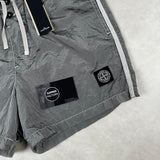 Nylon Metal Econyl Button Front Swim Shorts Silver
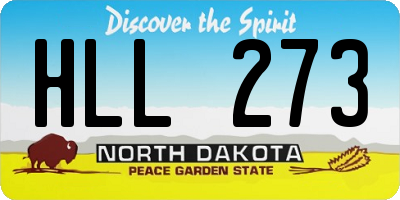 ND license plate HLL273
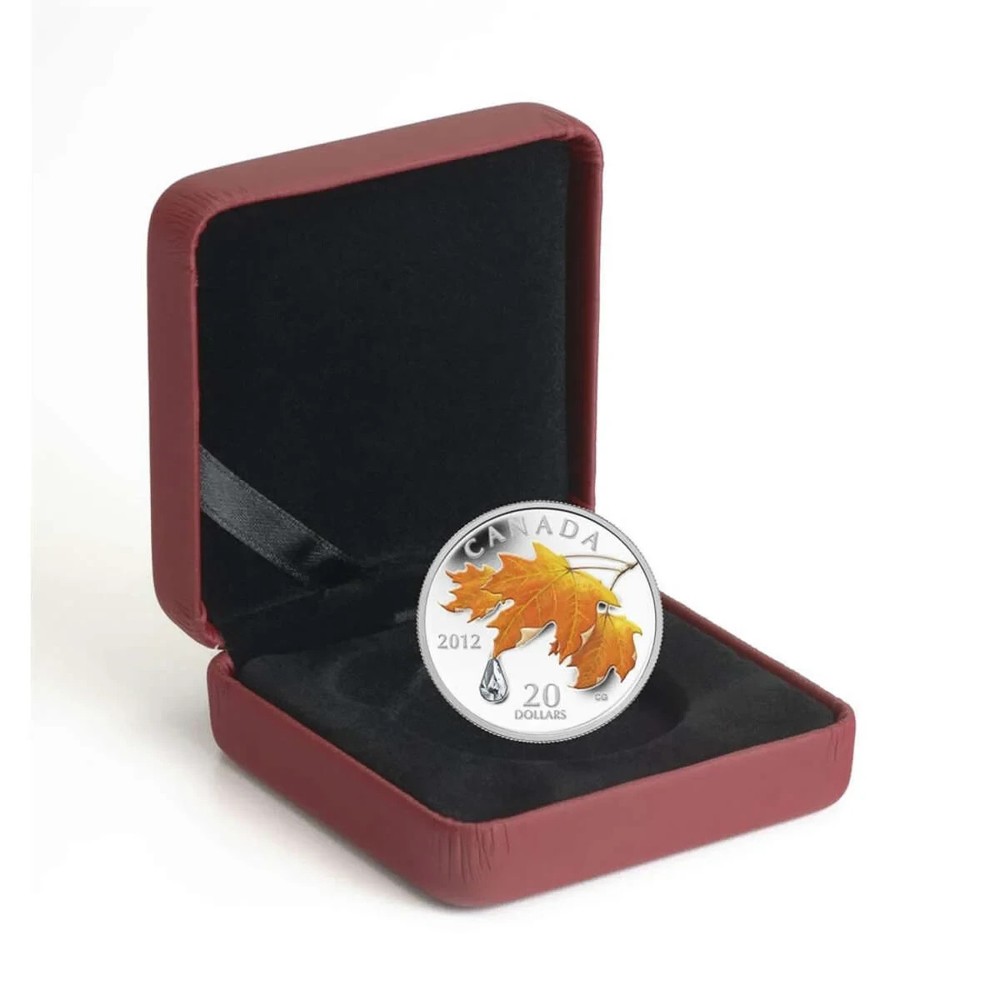 2012-Canada $20 Sugar Maple Crystal Raindrop - Pure Silver Coin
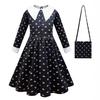(Dress Bag and Wigs, 8-9 Years) 2023 Movie Wednesday Addams Dress For Girls, Halloween Wednesday Addams Costume Outfit, Kids Cosplay Fancy Dress Up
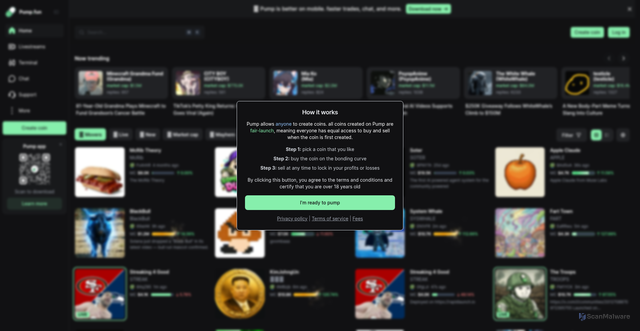 Security scan screenshot of http://pump.fun/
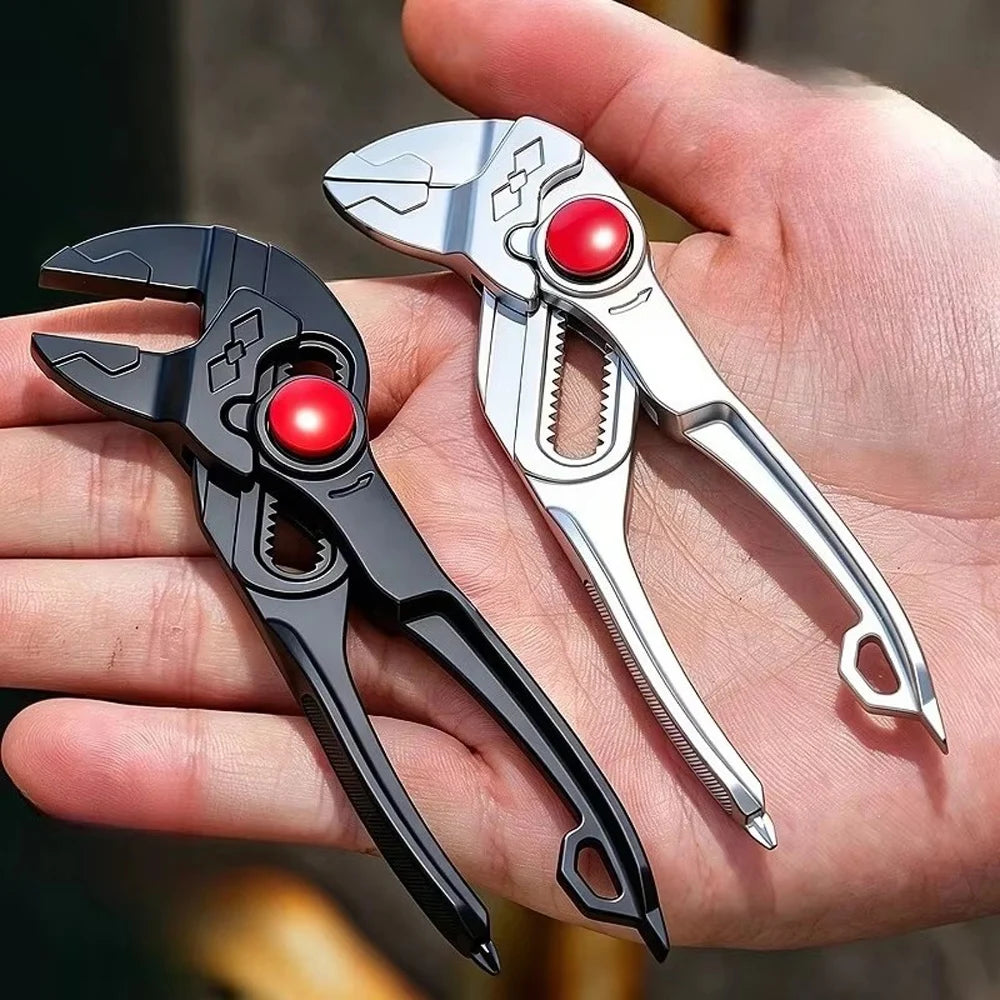 4-Inch Adjustable Water Pump Pliers – Brake Caliper Tools – Mini Multifunctional Plumbing Pipe Wrench 18-Position Push-Lock Teflon Coated Alloy Steel – Black / Silver – $28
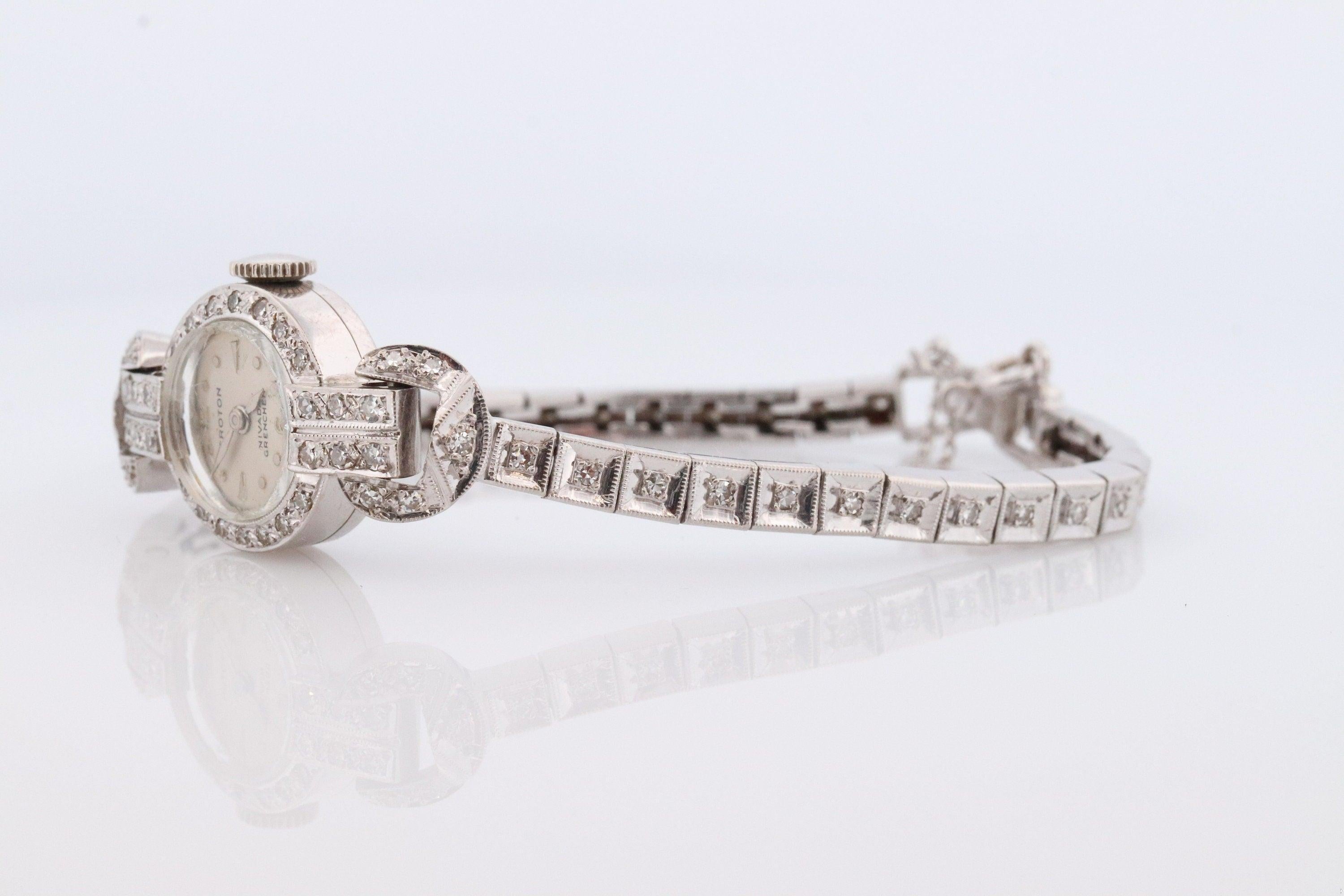 Women's 14k CROTON Nivada Grenchen LADIES wrist watch. 14k Manual watch with diamonds. For Sale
------------------------
● WORK ITEM: Retype only the lines from the one with "4-Inch Adjustable Water" through the final line of the entries, please, and keep the pictures out.

● RESPONSE TO THIS EXERCISE:
 4-Inch Adjustable Water Pump Pliers – Brake Caliper Tools – Mini Multifunctional Plumbing Pipe Wrench 18-Position Push-Lock Teflon Coated Alloy Steel – Black / Silver – $28
 Women's 14k CROTON Nivada Grenchen LADIES wrist watch. 14k Manual watch with diamonds. For Sale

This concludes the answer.